A deflação dos alimentos ajudou a segurar as influências para alta de inflação em 2017. No ano passado, o brasileiro pagou mais caro pela energia elétrica (10,35%), pelo gás de botijão (16%) e pelos planos de saúde (13,53%) — este último foi o principal impacto para cima sobre o índice no ano.

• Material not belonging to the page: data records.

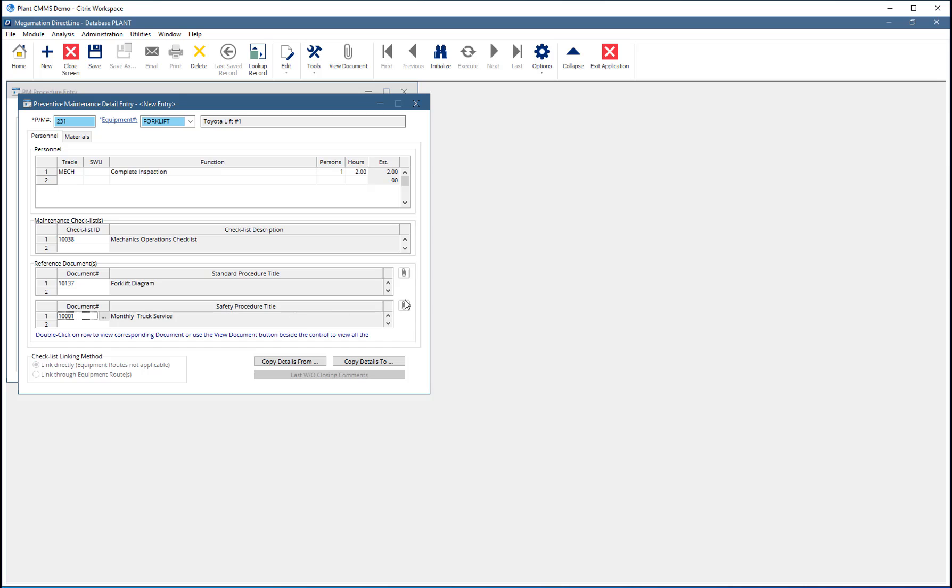Use the paperclip buttons next to Standard and Safety Procedures to view the attached documents.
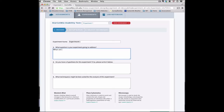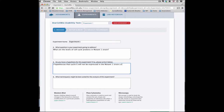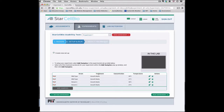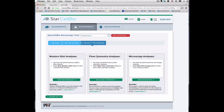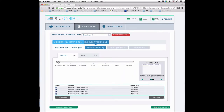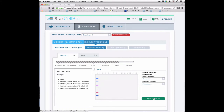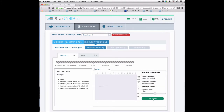While simulating experiments in StarCellBio, students reflect upon their experimental design, set up their experiment making sure to include all of the necessary variables and controls, select the experimental technique or techniques best suited to analyze the samples, and conduct each selected experimental technique before analyzing the experimental results.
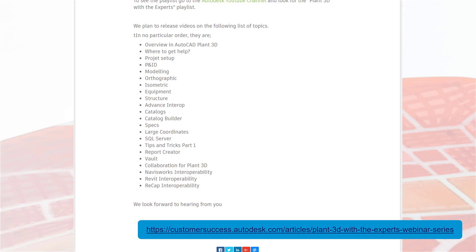We have created an article in the Customer Success Hub which lists all the topics we have planned to cover. This list is not in any particular order, and if you have any suggestions or comments we'd love to hear about it in the comments of the YouTube videos. Any specific suggestions you might have, you can also add into the comments.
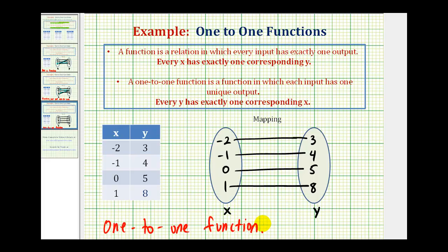So you may have picked up on the shortcut here. If there's no repetition in the y values or the x values, then as a table, the relation would be a one-to-one function. But hopefully by mapping these, you have a better understanding of what it means to be a one-to-one function. I hope you found this helpful.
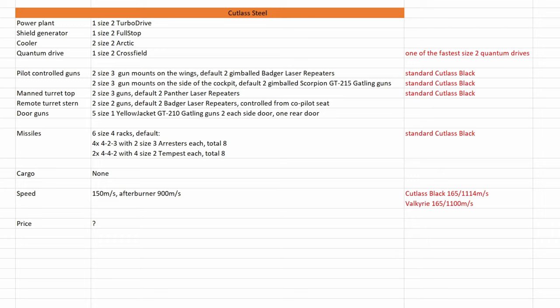Hello everyone! In this video we are taking a quick look at the new ship, the Cutlass Steel. As always we are starting with the stats.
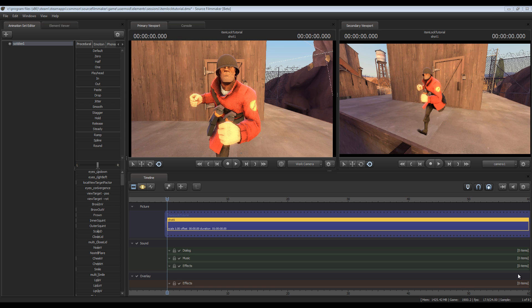Hey guys this is Chubbs back again with another Source Filmmaker tutorial and today I'm going to show you how to lock items into your character's hands. That way the item will stay there in the hand and even as the character animates it will rotate and everything to more or less match his hand.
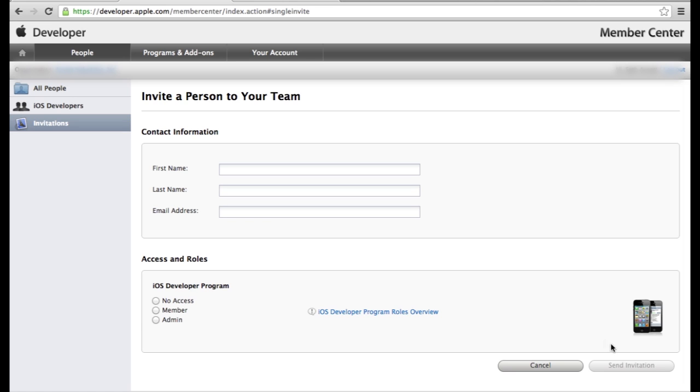Once you've done that, you click send invitation and they will be invited to join up and they can set up as a user in your developer account.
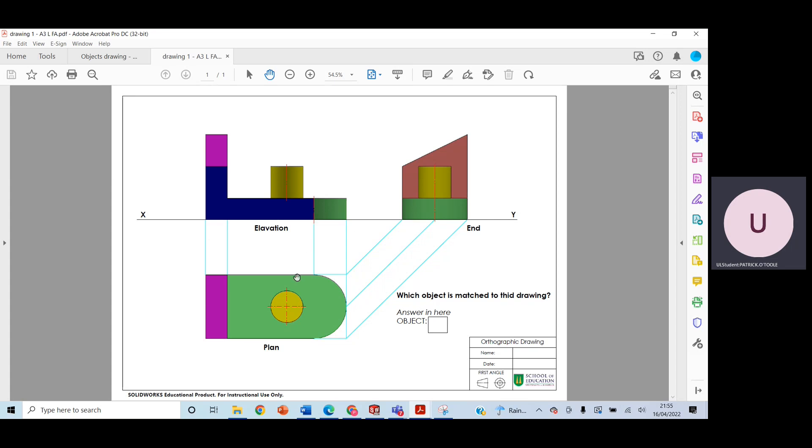As we can see here, this is object 1. They have to write in object 1 here, ensure it is object 1, and they have an option of 4 for each sheet.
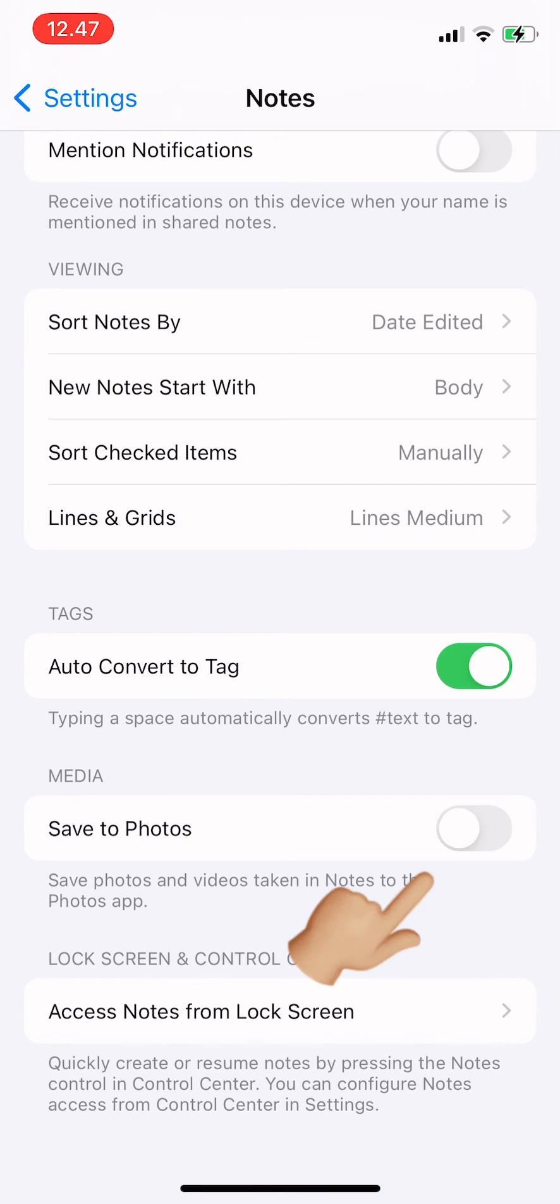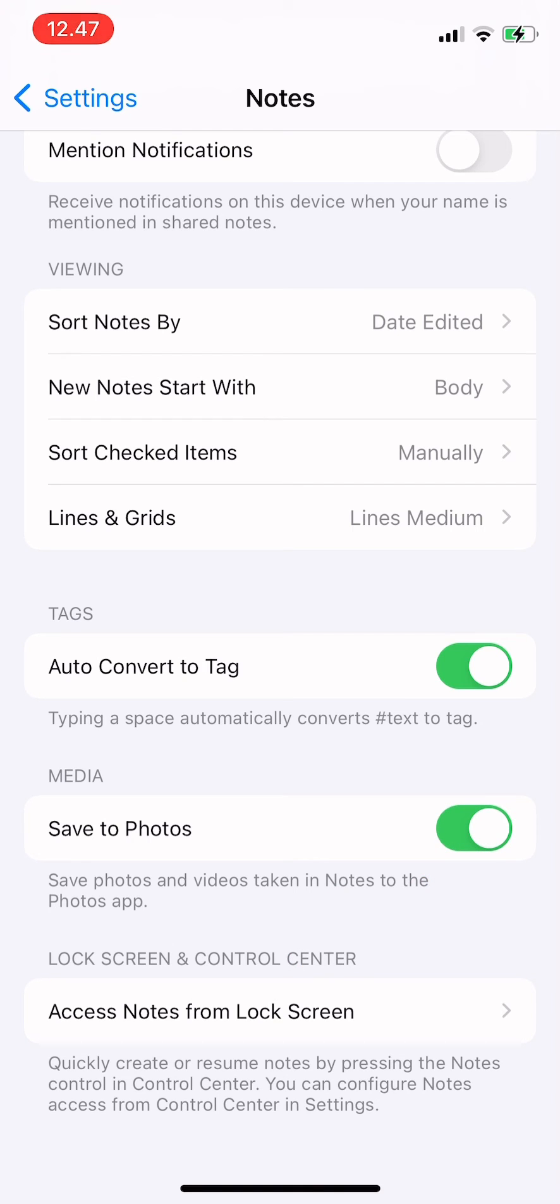Save photos and videos taken in Notes to the Photos app so you don't have to do it manually. So when you take a photo or video in Notes, it will directly save to Photos.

Com a nova política de preços da Petrobras e o aumento de impostos sobre combustíveis, a gasolina também ficou mais cara, subindo 10,32%.

REAJUSTES DE GASOLINA

Segundo o IBGE, de 3 de julho até 28 de dezembro (fim da coleta do IPCA de dezembro), foram concedidos 115 reajustes nos preços da gasolina, acumulando um total de 25,49% de aumento. Foi também em julho que o governo anunciou o reajuste na alíquota de PIS/Cofins dos combustíveis. Na gasolina, a alíquota passou de R$ 0,3816 para R$ 0,7925 por litro.

DEZEMBRO DE 2017 FOI MAIOR QUE DE 2016

Apesar do recorde no resultado fechado do ano, a inflação veio mais alta que o previsto em dezembro. O mercado esperava alta de cerca de 0,3%. O avanço de 0,44% foi a maior taxa mensal de 2017, puxado justamente pelos preços de alimentos, que voltaram a subir após sete meses seguidos de deflação. O grupo registrou alta de 0,54% (em novembro, a deflação havia sido de 0,38%). Frutas (1,33%), frango (2,04%) e pão francês (0,67%) influenciaram o resultado.

A primeira inflação em sete meses pode ter significado o fim do ciclo de quedas generalizadas no preço dos alimentos. Para Fernando Gonçalves, coordenador do índice de preços do IBGE, há um “realinhamento” de preços no setor.

– Os preços realmente estavam muito baixos por conta da safra. Acredito agora que vá haver o realinhamento desses preços – destacou o técnico.

Também houve uma aceleração dos preços de transportes (de 0,52% para 1,23%), por causa da alta de 22,28% das passagens aéreas. A gasolina, que também faz parte do grupo, registrou alta de 2,05%, reflexo dos reajustes no período.

O principal impacto para baixo em dezembro foi do grupo habitação, que engloba a energia elétrica. A conta de luz ficou 3,09% mais barata, por causa da volta ao patamar 1 da bandeira vermelha em 1º de dezembro. A mudança reduziu o custo adicional sobre a tarifa para R$ 0,03 por kwh consumido, em vez da cobrança de R$ 0,05 por kwh da bandeira vermelha 2, em vigor até o mês anterior.

Meta de inflação X IPCA (em %) – Objetivo de 4,5% foi cumprido em apenas três anos

Com informações Jornal O Globo 

Uma inflação baixa estimula o consumidor a adquirir bens e serviços. Um adiamento significa sobretudo que se tem de pagar mais pelo mesmo produto. Além disso uma inflação baixa torna mais interessante contrair um empréstimo porque os juros também são baixos nos períodos de uma inflação baixa.